Take an arbitrary nonempty interval $(u,v) \subset (a,b)$. For each $k \in \mathbb{N}$ the set $$A_k = \bigl\{ x \in (u,v) : \lvert g_n(x)\rvert\leqslant k \text{ for all } n\bigr\}$$ is relatively closed, and since the family is poinwise bounded we have $$(u,v) = \bigcup_{k \in \mathbb{N}} A_k\,.$$ Furthermore, $(u,v)$ is a Baire space (it's completely metrisable), hence there is a $k \in \mathbb{N}$ such that $$V = \operatorname{int} A_k \neq \varnothing\,.$$ Then $\lvert f'(x)\rvert \leqslant k$ for all $x \in V$

Thus every nonempty open interval in $(a,b)$ contains a nonempty open interval on which $f'$ is bounded. This means the set of points $x$ such that $f'$ is Lebesgue integrable on some neighbourhood of $x$ is a dense open subset of $(a,b)$, hence topologically very large.

However, the measure of this set would be the more important type of size. I don't know whether it can be arbitrarily small (of course it's nonzero), but I suspect it can.

Answer 2

I assert the answer is "no."

Theorem: Let $f:(a,b) \to \mathbb R$ be differentiable. Then there exists a subinterval $[u,v] \subset (a,b)$ such that $f'$ is uniformly bounded on $[u,v]$.

Proof: Suppose the converse is true. Suppose $\epsilon = \frac1{100}$.

Recursively pick sequences $y_n$, $\delta_n$ as follows.
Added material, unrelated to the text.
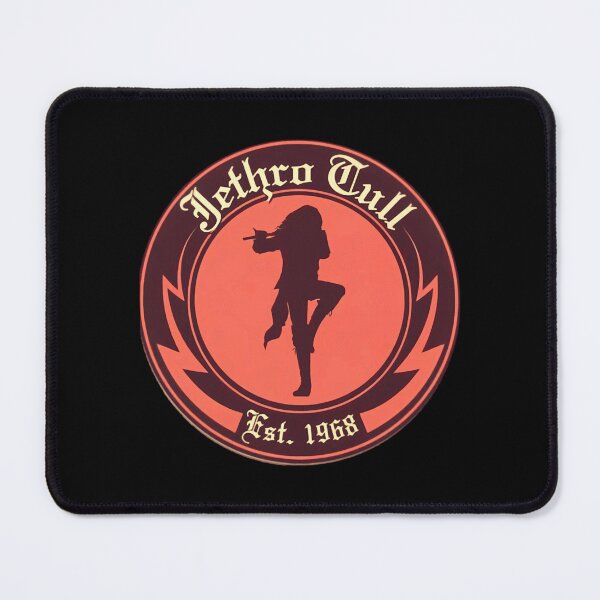 Item preview, Jethro Tull designed and sold by VintageVogue99.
Pick $y_1$ such that $|f'(y_1)| \ne 0$. Given $y_n$, choose $\delta_n > 0$ so that $[y_n - \delta_n, y_n+\delta_n] \subset (a,b)$, and so that if $|h| < \delta_{n}$, we have that $$ (1-\epsilon) |f'(y_n)| \le \left| \frac{f(y_n) - f(y_n+h)} h \right| \le (1+\epsilon)|f'(y_n)| ,$$ and so that if $n > 1$, then $$ \delta_n \le \frac{|f'(y_{n-1})|}{8|f'(y_{n})|} \delta_{n-1} .$$ Next, by hypothesis, there exists a point $$ y_{n+1} \in (y_n-\delta_n,y_n-\tfrac12\delta_n) $$ such that $|f'(y_{n+1})| \ge 2 |f'(y_n)|$.

Note that for $n \ge m > 1$ $$ |y_n - y_{n+1}| \le \delta_n \le 16^{m-n} \delta_m \le 2 \times 16^{m-n} |y_{m} - y_{m+1}| ,$$ In particular, the points $y_n$ form a Cauchy sequence. Let $y = \lim_{n\to \infty} y_n$.
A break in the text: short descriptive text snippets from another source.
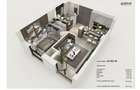 Apartament 2 camere - 1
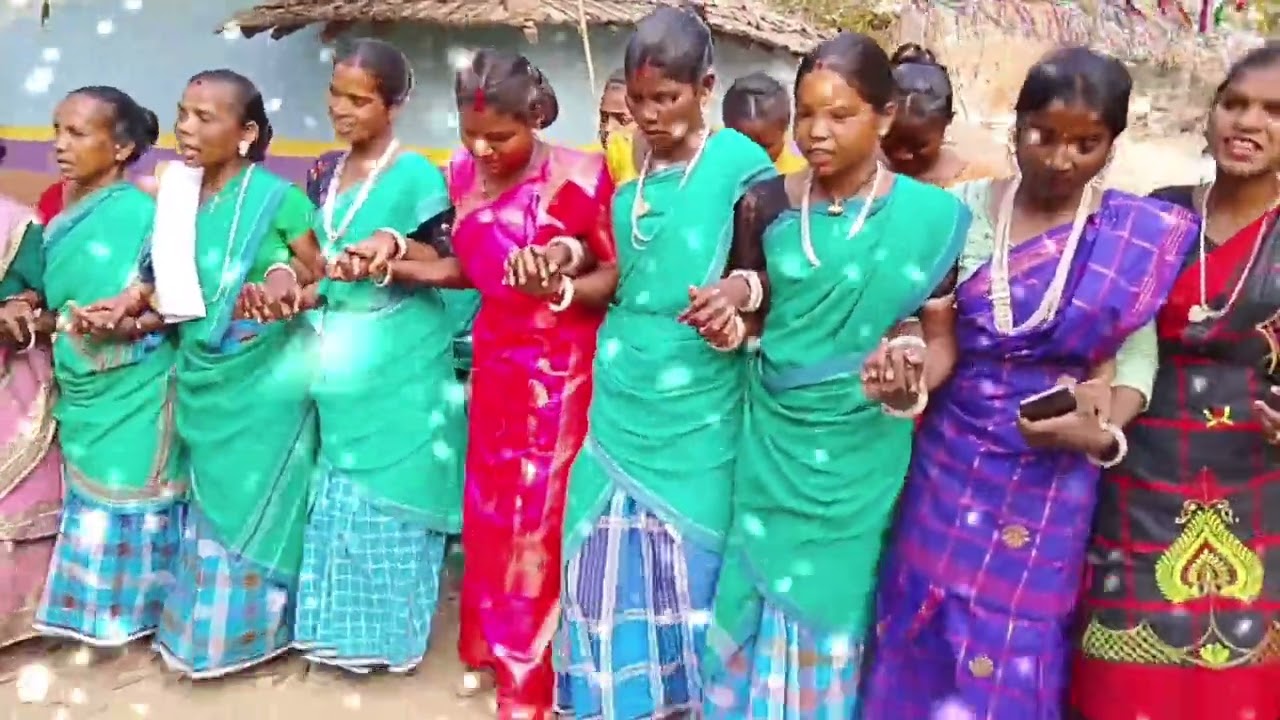 New santhali sorhai video song // maranej jata taben cawdal chetan re // 2026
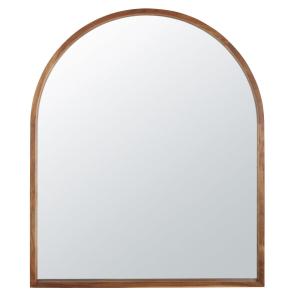 Espejo de pie con forma arqueada 151 x 180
Then \begin{align} |y - y_m| &= \left|\sum_{n=m}^\infty y_{n+1} - y_n \right| \\ & \le \sum_{n=m}^\infty |y_{n+1} - y_n| \\ & \le |y_{m+1} - y_m| \sum_{n=m}^\infty 2\times 16^{m-n} \\ & \le \frac{32}{15} |y_{m+1} - y_m| . \end{align} Also \begin{align} |f(y) - f(y_m)| &= \left|\sum_{n=m}^\infty (f(y_{n+1}) - f(y_n)) \right| \\ & \ge |f(y_{m+1}) - f(y_m)| - \sum_{n=m+1}^\infty |f(y_{n+1}) - f(y_n)| \\ & \ge (1-\epsilon) |f'(y_m)| |y_{m+1} - y_{m}| - (1+\epsilon) \sum_{n=m+1}^\infty |f'(y_n)||y_{n+1} - y_{n}| \end{align} Now $$ |f'(y_{n+1})||y_{n+2} - y_{n+1}| \le |f'(y_{n+1})|\delta_{n+1} \le \frac18 |f'(y_{n})|\delta_{n} \le \frac14 |f'(y_n)||y_{n+1} - y_{n}| . $$ So \begin{align} |f(y) - f(y_m)| & \ge (1-\epsilon) |f'(y_m)| |y_{m+1} - y_{m}| - (1+\epsilon) |f'(y_m)| |y_{m+1} - y_{m}| \sum_{n=m+1}^\infty 4^{m-n} \\ & \ge \frac18 |f'(y_m)| |y_{m+1} - y_{m}| . \end{align} Thus $$ \left| \frac{f(y) - f(y_m)}{y-y_m} \right| \ge \frac{15}{256} |f'(y_m)| .$$ But $|f'(y_m)| \ge 2^m |f'(y_1)| \to \infty$, and this contradicts that $f$ is differentiable at $y$.